Briscoe, who scored the first try of the match in England's 28-6 win over New Zealand at the KC Stadium in the 2011 Four Nations Series, was a surprise selection for last week's match against Ireland after losing out to Wigan's Josh Charnley for the opening game against Australia.
But he seized his opportunity by scoring two tries in a 42-0 victory and will be part of an unchanged back division as England look to secure the runners-up spot in the group.
"I was a bit surprised to get the call," Briscoe said. "Obviously me and Josh are fighting it out for the right-wing spot. He played the week before and I thought he might have gone with the same team.
"But thankfully I got an opportunity and I think I did alright. I felt what I had to do I did well.
"Getting the two tries early in the game settled me down."
Coach Steve McNamara has made three changes, with South Sydney forward Sam Burgess returning as expected from a one-match suspension, while Wigan prop Lee Mossop is recalled and there is a first appearance of the tournament for his club-mate, hooker Michael McIlorum.
They take the places of Burgess' younger brother Tom, St Helens hooker James Roby and Melbourne Storm stand-off Gareth Widdop, whose absence will pave the way for Leeds hooker or half-back Rob Burrow to play his first match of the tournament.
The 25-year-old McIlorum won his third cap against France in the final of the 2012 autumn international series which Roby opted to sit out.
"Mickey deserves his call-up," said England coach Steve McNamara.
"He has trained tremendously hard. He is an aggressive type of player, who will command the middle of the field."
McIlorum was thought to be among the group of players who broke the team's alcohol ban in the aftermath of England's shock defeat by Italy in a pre-tournament friendly.

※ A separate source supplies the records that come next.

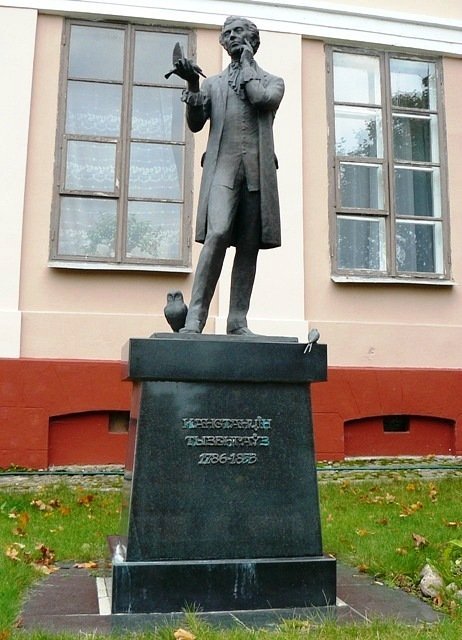 Памятник Константину Тызенгаузу (2006) у входа во дворец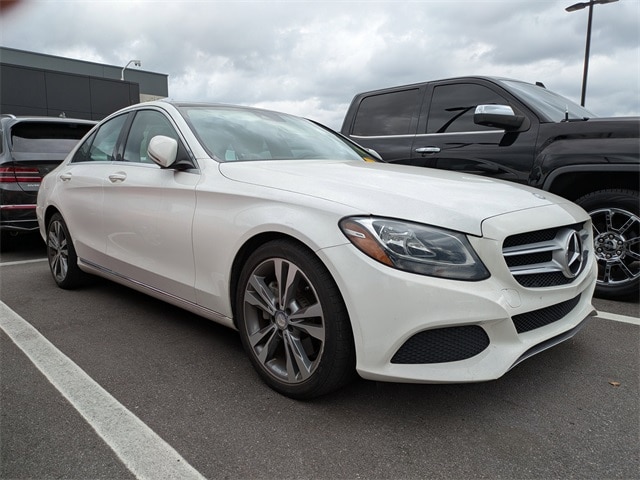 2016 Mercedes-Benz C-Class C300's photo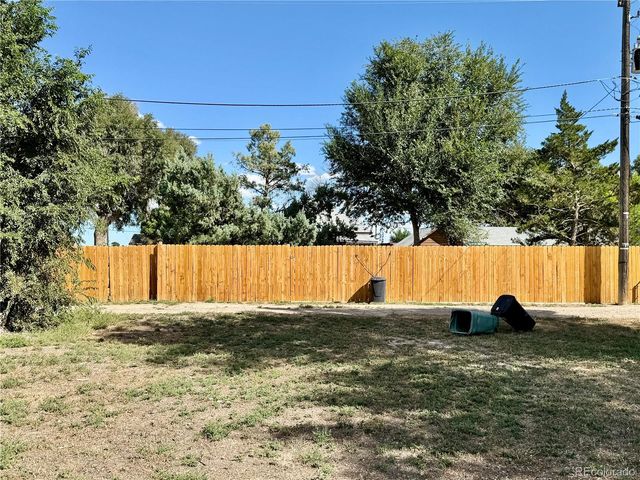 215 N Main, Cheraw, CO 81030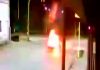 Insólito hecho en Bahía Blanca: un taxista frenó en una esquina por un semáforo en rojo y le explotó el auto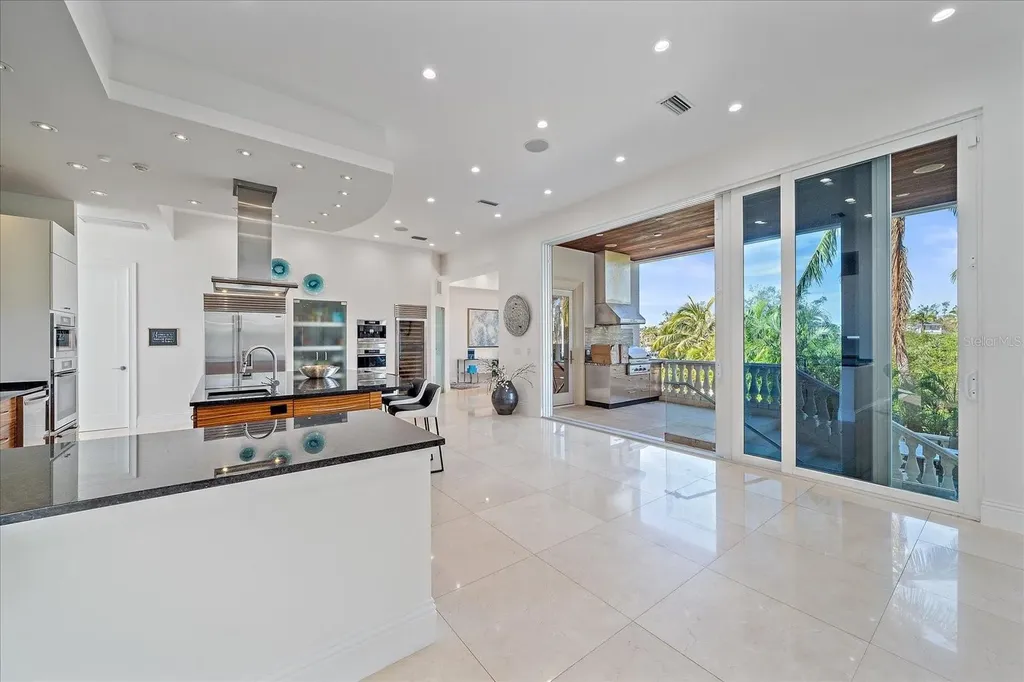 4136 Roberts Point Circle Sarasota FL 34242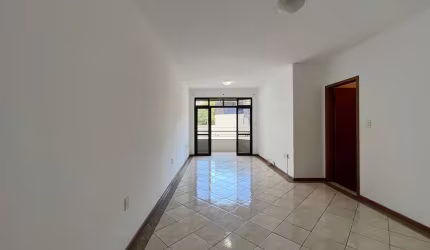 Apartamento à venda com 3 dormitórios (sendo 1 suíte), no bairro Kobrasol - São José/ SC.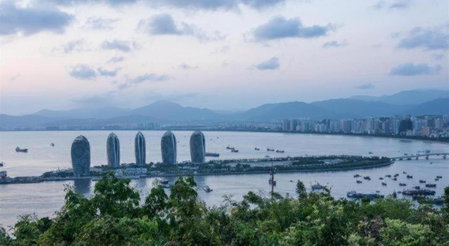Sanya Luyi Sea View Hotel, Sanya, China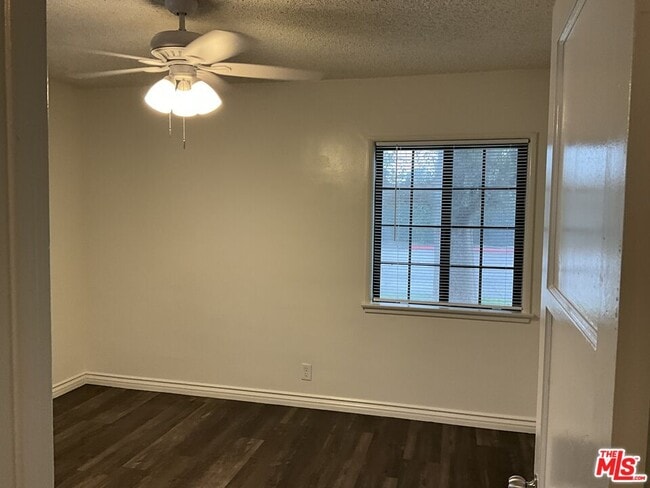 Building Photo - 1123 E Cameron Ave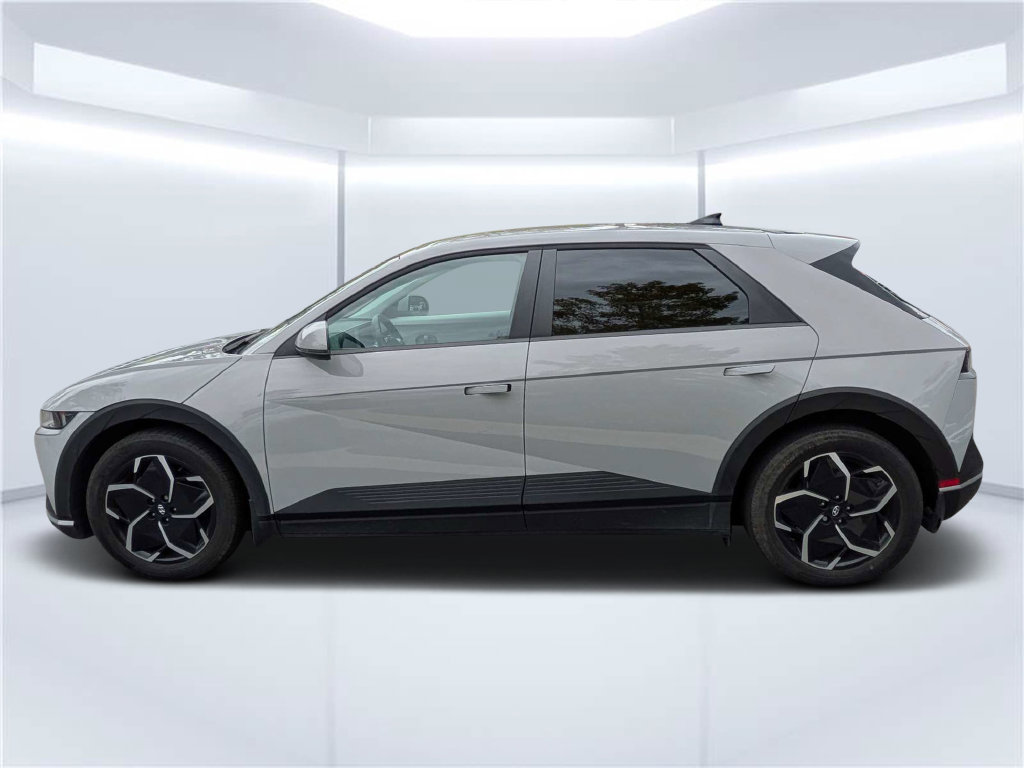 Certified 2024 Hyundai Ioniq 5 SEL RWD image 6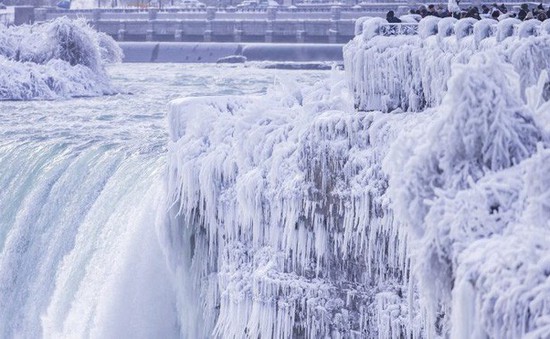 Ngọn thác hùng vĩ nhất thế giới "đông cứng" trong cái lạnh -67 độ C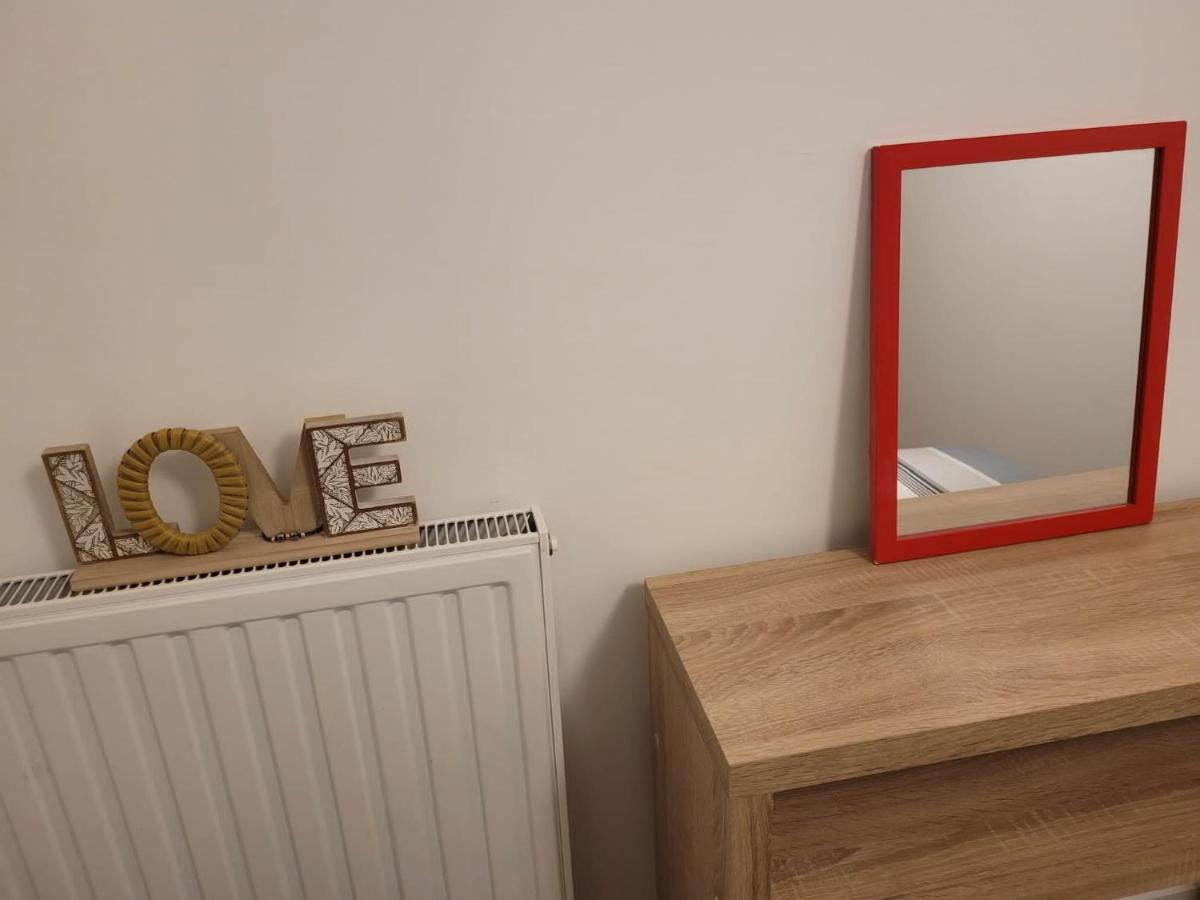 Boissy Gare Rer A Appartement 1 A 3 Chambres Au Choix Bagian luar foto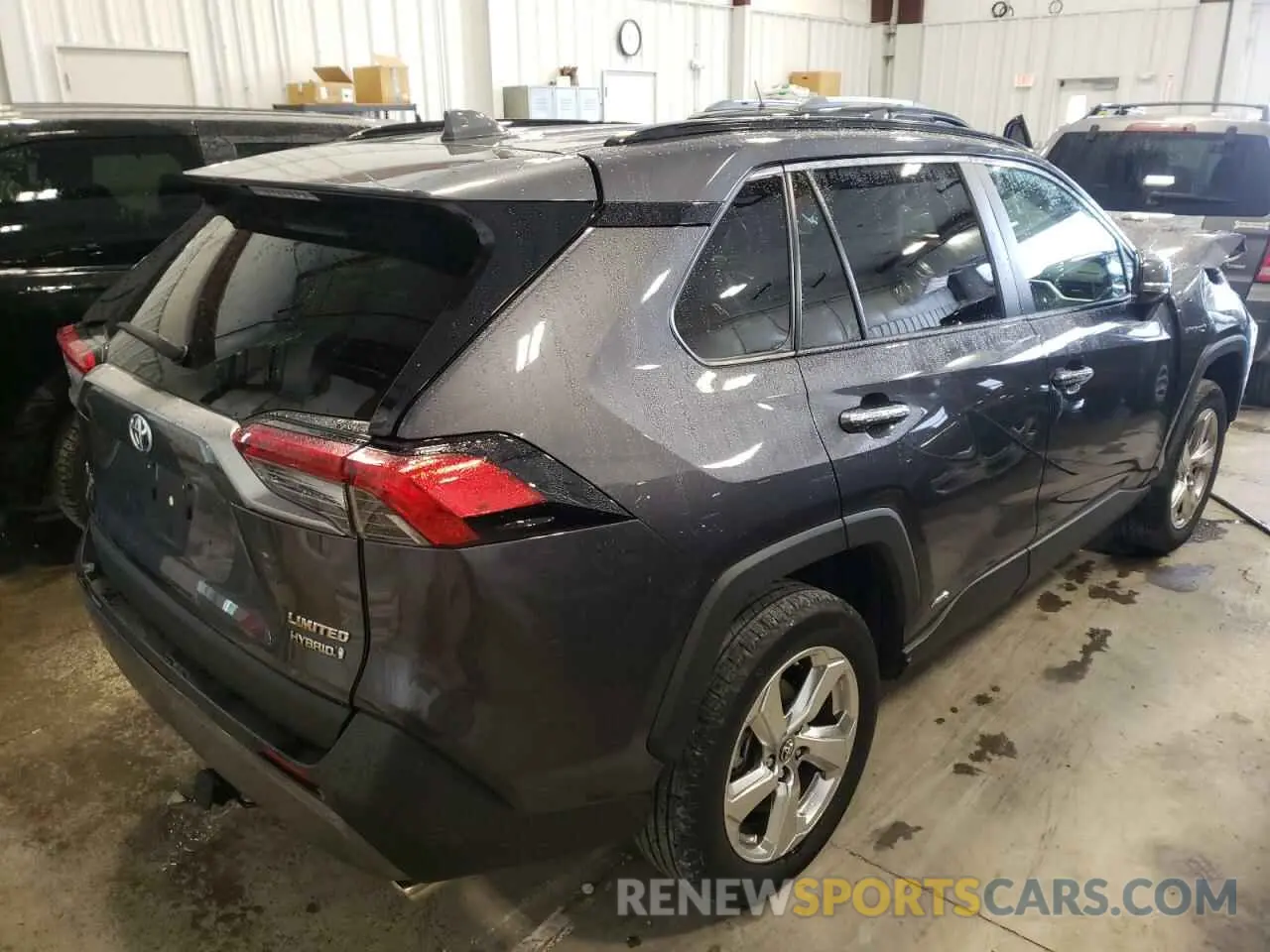 4 fotografías del automóvil dañado 2T3DWRFV6KW011316 TOYOTA RAV4 2019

It might have explained his non-selection, along with that of James Graham and Zak Hardaker, for the opening game but McNamara has steadfastly refused to discuss the off-field distractions and remains confident they will not have any adverse effect on preparations for their latest match.
"We have trained well and we are ready to put in a performance," McNamara said.
"I get the feeling the group is on the verge of some really big performances and this will be one of them."
After thumping Ireland and testing the Kangaroos, the Fijiians are expected to put up strong resistance on Saturday and McNamara says there is no possibility of under-estimating them.
"We are coming up against opposition we respect," he said. "We have so far seen a Fiji team that is very exciting to watch with some brilliant outside backs.
"They have a set of forwards that are as physical as any team in the tournament. I can see why people see them as a threat on Saturday.
"Across the make-up of their team, the vast majority of their players are regular starters in the NRL and they are used to this level of intensity.
"The aim for us is gradual progression. We are looking to improve each week as the tournament moves towards the knockout stages.
"It is important to win against teams in and around you, but at some point you have to make sure all elements that have been positive in every game come together aiming for that complete performance.
"We know that if we are going to win the World Cup that has to happen."